_WORK INSTRUCTION_:
Give back the line below containing "Medium Photo #2" and every later line, exactly.
*-*-*
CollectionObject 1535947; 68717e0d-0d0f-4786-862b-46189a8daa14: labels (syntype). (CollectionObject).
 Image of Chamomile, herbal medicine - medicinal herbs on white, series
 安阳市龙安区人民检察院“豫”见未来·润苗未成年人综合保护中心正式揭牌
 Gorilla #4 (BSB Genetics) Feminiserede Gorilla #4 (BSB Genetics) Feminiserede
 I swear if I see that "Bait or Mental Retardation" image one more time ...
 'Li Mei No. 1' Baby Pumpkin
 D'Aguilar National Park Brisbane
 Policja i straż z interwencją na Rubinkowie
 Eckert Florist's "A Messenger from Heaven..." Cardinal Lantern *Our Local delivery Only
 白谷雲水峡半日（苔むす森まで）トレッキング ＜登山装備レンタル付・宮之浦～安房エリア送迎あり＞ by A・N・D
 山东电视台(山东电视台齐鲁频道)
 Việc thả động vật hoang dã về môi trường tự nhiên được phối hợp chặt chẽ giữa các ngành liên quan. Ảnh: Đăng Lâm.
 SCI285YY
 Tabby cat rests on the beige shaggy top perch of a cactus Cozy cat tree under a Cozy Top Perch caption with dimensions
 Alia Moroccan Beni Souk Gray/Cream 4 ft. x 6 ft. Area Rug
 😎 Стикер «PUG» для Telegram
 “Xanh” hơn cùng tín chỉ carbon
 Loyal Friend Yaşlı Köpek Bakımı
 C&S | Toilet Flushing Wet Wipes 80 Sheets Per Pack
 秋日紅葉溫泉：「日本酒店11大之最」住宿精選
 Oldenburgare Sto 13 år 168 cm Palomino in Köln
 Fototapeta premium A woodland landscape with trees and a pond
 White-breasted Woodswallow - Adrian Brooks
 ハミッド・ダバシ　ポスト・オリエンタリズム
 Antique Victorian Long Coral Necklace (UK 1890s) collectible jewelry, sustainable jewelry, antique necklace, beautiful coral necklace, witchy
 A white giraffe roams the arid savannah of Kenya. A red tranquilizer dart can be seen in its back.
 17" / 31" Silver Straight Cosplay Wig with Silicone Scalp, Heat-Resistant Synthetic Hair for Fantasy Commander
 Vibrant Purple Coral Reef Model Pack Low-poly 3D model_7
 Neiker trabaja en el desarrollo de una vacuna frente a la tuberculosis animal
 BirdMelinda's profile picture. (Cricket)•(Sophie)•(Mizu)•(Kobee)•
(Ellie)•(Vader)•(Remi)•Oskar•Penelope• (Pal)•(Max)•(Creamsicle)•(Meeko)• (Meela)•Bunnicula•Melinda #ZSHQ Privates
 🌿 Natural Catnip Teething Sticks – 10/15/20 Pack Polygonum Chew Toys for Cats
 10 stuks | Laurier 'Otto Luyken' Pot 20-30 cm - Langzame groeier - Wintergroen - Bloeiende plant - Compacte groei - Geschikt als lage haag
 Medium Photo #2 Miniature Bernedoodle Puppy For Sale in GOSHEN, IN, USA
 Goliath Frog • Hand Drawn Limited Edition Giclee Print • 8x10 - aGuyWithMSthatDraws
*-*-*
_TASK OUTPUT_:
 Medium Photo #2 Miniature Bernedoodle Puppy For Sale in GOSHEN, IN, USA
 Goliath Frog • Hand Drawn Limited Edition Giclee Print • 8x10 - aGuyWithMSthatDraws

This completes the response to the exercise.